Pipelines in Rivusio are sequences of pipes that process data in a specific order. They can be linear, branching, or merging, allowing you to build complex data processing workflows.

Creating Pipelines¶

There are several ways to create pipelines:

Using Pipeline Classes¶

from rivusio import AsyncPipeline, SyncPipeline

# Create async pipeline
async_pipeline = AsyncPipeline([async_pipe1, async_pipe2])

# Create sync pipeline
sync_pipeline = SyncPipeline([sync_pipe1, sync_pipe2])

Using the >> Operator¶

# Create sync pipeline
sync_pipeline = sync_pipe1 >> sync_pipe2

# Configure parallel execution
pipeline.configure_parallel(
    strategy=ExecutionStrategy.THREAD_POOL, 
    max_workers=4,
    chunk_size=1000
)

# Process items in parallel
async with pipeline:
    results = await pipeline.execute_parallel(batch_of_items)

Pipeline Configuration¶

Configure pipeline-wide settings:

from rivusio import PipelineConfig

config = PipelineConfig(
    max_retries=3,
    retry_delay=5,
    timeout=30
)

pipeline = AsyncPipeline([pipe1, pipe2], name="MyPipeline")

Parallel Execution¶

Rivusio supports parallel execution of pipelines using different strategies.

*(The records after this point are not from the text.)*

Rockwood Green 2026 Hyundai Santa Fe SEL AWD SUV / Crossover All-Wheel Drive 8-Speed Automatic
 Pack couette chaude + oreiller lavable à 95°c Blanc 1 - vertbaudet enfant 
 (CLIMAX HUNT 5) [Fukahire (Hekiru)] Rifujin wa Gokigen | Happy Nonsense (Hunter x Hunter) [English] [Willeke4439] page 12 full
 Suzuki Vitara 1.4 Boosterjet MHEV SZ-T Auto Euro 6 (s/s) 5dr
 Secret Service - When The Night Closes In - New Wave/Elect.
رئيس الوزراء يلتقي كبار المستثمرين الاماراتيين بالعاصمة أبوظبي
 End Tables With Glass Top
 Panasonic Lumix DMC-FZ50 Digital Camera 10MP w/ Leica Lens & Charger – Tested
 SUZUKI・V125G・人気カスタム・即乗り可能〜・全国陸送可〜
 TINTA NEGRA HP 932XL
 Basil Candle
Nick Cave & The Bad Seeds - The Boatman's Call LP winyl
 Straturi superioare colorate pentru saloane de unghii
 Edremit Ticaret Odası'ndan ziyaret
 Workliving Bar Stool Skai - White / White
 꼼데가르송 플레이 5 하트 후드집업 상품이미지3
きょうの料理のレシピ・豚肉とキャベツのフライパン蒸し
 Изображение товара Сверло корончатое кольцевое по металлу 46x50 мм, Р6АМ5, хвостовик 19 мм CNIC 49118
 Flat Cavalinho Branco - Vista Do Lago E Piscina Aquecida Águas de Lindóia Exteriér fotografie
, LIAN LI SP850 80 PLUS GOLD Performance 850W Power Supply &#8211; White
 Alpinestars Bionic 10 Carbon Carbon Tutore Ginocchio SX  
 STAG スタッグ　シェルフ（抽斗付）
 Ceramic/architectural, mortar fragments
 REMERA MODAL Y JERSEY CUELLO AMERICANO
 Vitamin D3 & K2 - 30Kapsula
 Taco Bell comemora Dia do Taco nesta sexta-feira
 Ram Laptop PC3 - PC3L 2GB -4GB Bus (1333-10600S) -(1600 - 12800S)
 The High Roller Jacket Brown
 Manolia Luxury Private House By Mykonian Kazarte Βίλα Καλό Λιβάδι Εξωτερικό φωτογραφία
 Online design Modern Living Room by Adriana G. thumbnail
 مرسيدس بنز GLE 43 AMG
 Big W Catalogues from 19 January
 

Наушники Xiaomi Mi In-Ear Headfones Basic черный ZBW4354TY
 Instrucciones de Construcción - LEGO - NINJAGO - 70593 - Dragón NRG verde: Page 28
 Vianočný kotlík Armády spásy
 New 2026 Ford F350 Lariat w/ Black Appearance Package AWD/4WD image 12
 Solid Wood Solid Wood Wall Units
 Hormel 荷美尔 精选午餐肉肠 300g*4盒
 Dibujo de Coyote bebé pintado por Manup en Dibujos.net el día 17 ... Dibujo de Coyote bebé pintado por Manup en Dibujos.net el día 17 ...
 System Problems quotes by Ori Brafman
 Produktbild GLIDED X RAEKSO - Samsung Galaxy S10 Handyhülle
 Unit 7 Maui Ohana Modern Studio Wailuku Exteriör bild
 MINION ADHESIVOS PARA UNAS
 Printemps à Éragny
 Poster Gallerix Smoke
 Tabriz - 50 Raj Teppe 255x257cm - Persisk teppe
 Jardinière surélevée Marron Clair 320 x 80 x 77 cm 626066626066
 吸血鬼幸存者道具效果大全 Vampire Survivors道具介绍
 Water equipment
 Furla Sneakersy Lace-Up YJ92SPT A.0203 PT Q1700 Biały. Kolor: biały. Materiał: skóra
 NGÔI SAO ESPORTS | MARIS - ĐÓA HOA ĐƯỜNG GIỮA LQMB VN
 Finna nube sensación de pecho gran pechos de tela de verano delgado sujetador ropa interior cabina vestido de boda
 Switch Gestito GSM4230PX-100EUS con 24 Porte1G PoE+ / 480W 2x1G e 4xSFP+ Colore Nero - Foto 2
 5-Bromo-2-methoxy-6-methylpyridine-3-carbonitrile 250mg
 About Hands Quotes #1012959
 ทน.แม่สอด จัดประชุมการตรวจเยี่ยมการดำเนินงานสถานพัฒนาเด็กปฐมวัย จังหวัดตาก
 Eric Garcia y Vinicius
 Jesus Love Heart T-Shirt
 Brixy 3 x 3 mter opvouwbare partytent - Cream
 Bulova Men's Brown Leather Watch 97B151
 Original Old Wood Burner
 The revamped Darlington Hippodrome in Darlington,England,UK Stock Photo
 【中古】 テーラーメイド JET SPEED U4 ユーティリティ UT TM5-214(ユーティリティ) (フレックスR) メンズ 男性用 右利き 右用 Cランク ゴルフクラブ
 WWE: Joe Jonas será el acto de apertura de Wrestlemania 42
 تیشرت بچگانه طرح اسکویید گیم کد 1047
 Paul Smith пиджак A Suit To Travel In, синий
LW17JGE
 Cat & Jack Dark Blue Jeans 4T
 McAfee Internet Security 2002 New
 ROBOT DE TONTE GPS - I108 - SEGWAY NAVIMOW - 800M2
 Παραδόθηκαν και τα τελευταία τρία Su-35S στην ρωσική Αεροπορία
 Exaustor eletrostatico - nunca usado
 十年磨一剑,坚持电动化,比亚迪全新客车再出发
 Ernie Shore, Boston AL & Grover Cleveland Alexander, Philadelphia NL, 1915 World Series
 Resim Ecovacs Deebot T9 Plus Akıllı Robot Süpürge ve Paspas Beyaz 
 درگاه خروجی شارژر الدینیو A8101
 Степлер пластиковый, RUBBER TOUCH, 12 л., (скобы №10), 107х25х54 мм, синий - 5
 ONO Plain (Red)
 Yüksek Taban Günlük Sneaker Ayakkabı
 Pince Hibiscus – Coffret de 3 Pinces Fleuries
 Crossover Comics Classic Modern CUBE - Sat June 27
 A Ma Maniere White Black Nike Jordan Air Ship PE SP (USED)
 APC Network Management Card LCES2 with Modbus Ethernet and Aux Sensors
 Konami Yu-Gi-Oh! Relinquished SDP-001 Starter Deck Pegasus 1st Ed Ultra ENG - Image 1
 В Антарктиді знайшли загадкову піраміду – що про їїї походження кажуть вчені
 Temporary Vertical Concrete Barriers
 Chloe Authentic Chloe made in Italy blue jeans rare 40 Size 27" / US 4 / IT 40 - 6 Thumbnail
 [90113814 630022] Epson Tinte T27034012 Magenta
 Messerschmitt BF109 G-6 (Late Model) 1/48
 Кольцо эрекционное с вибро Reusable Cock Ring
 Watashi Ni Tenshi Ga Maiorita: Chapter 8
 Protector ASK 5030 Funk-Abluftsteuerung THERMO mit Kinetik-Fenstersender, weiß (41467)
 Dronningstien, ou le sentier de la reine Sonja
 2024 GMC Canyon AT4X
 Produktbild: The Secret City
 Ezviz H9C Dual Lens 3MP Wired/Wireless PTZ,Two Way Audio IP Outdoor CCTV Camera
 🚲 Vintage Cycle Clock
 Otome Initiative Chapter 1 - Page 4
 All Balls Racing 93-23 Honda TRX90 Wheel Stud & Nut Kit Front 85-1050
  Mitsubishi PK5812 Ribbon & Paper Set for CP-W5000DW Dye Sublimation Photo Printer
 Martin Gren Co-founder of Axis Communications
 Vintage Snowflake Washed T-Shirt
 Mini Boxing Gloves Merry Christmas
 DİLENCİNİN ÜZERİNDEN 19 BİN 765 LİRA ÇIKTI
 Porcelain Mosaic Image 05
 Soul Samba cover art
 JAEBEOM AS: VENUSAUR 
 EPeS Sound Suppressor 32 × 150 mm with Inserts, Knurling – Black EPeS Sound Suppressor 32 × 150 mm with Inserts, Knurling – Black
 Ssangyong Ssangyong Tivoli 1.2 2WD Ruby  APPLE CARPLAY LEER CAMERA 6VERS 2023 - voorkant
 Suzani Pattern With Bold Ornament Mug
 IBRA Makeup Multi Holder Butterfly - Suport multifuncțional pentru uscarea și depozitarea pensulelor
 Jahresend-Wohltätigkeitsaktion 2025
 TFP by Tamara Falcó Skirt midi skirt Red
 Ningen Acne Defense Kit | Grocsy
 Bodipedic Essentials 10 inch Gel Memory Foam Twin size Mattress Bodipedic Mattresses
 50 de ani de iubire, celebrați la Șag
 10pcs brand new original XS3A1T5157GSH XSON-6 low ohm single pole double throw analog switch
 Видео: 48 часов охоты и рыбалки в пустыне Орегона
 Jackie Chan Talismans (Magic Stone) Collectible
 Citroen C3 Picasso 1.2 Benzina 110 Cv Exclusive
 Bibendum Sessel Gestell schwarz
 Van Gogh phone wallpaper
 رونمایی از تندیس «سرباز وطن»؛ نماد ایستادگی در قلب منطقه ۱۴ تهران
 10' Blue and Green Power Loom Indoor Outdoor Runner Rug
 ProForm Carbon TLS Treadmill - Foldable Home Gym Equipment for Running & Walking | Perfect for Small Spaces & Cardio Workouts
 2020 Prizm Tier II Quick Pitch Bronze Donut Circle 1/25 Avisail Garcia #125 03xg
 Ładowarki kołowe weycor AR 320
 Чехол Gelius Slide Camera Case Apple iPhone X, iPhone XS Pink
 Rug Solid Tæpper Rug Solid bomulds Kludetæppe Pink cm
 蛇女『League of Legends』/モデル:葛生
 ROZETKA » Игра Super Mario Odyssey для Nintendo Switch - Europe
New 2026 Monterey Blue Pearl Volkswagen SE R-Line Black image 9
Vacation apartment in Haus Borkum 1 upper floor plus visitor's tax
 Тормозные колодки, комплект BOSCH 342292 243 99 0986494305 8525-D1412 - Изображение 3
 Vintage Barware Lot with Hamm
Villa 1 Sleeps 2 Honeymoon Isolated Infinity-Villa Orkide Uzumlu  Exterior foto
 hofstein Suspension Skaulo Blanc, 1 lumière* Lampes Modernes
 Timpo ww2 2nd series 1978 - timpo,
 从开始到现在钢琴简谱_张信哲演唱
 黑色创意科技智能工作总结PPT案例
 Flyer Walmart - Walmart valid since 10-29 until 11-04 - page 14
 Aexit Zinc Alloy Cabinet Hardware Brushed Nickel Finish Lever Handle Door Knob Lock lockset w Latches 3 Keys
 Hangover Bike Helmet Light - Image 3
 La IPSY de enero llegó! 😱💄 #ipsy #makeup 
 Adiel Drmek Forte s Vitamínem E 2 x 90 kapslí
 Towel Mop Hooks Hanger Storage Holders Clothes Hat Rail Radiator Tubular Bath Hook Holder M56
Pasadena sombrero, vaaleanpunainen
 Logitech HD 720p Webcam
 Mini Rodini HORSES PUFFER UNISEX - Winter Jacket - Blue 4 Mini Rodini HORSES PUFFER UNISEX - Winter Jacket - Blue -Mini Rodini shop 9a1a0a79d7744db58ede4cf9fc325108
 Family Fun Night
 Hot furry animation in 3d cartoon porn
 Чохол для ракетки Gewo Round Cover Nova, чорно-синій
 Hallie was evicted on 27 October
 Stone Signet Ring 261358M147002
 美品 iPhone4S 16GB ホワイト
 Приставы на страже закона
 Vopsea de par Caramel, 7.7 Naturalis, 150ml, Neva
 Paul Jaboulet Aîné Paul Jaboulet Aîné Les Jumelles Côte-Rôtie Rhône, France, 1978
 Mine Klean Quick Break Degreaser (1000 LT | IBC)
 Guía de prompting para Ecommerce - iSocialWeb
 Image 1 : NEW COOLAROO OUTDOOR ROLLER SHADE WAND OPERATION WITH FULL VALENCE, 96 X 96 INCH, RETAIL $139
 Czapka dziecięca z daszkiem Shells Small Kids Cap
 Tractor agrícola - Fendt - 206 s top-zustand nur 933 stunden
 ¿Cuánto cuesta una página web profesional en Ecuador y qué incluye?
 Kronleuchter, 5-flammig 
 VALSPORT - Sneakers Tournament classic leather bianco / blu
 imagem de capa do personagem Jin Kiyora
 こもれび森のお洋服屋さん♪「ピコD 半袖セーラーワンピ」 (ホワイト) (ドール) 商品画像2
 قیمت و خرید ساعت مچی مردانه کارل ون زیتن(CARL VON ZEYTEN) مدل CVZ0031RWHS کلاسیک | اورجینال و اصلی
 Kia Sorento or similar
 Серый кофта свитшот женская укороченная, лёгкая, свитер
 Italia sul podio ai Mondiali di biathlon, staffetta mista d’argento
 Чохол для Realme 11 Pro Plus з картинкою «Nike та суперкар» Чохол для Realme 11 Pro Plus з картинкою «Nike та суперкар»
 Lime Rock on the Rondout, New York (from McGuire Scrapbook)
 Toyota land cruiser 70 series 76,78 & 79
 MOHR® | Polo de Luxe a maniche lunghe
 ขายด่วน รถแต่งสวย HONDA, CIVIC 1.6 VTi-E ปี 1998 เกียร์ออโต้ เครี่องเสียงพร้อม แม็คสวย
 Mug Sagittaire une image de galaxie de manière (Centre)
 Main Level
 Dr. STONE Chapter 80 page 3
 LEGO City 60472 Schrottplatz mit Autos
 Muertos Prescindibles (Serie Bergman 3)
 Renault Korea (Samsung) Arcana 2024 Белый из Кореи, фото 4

Available Execution Strategies

GATHER
- Uses asyncio.gather for I/O-bound tasks (default)
THREAD_POOL
- Uses ThreadPoolExecutor for I/O and light CPU tasks
PROCESS_POOL
- Uses ProcessPoolExecutor for CPU-intensive tasks

from rivusio.sync.parallel import ExecutionStrategy

pipeline.configure_parallel(
    strategy=ExecutionStrategy.THREAD_POOL,
    max_workers=4,
    chunk_size=1000
)

# Process items in parallel
async with pipeline:
    results = await pipeline.execute_parallel(batch_of_items)

Error Handling¶

Handle errors at the pipeline level:

from rivusio.core.exceptions import PipelineError

try:
    result = await pipeline.process(data)
except PipelineError as e:
    print(f"Error in pipe {e.pipe}: {e.error}")

Pipeline Metrics¶

Monitor pipeline performance:

# Get metrics for all pipes
metrics = pipeline.get_metrics()

# Get outputs from a specific pipe
pipe_outputs = pipeline.get_pipe_outputs(specific_pipe)

Best Practices¶

Use type hints to ensure type safety throughout the pipeline
Choose the appropriate pipeline type (Sync/Async) based on your pipes
Use parallel execution for batch processing of independent items
Configure error handling and monitoring for production use
Clean up resources by using pipelines as async context managers
Choose the right execution strategy based on your workload:
GATHER for I/O-bound tasks
THREAD_POOL for mixed I/O and light CPU tasks
PROCESS_POOL for CPU-intensive tasks (coming soon)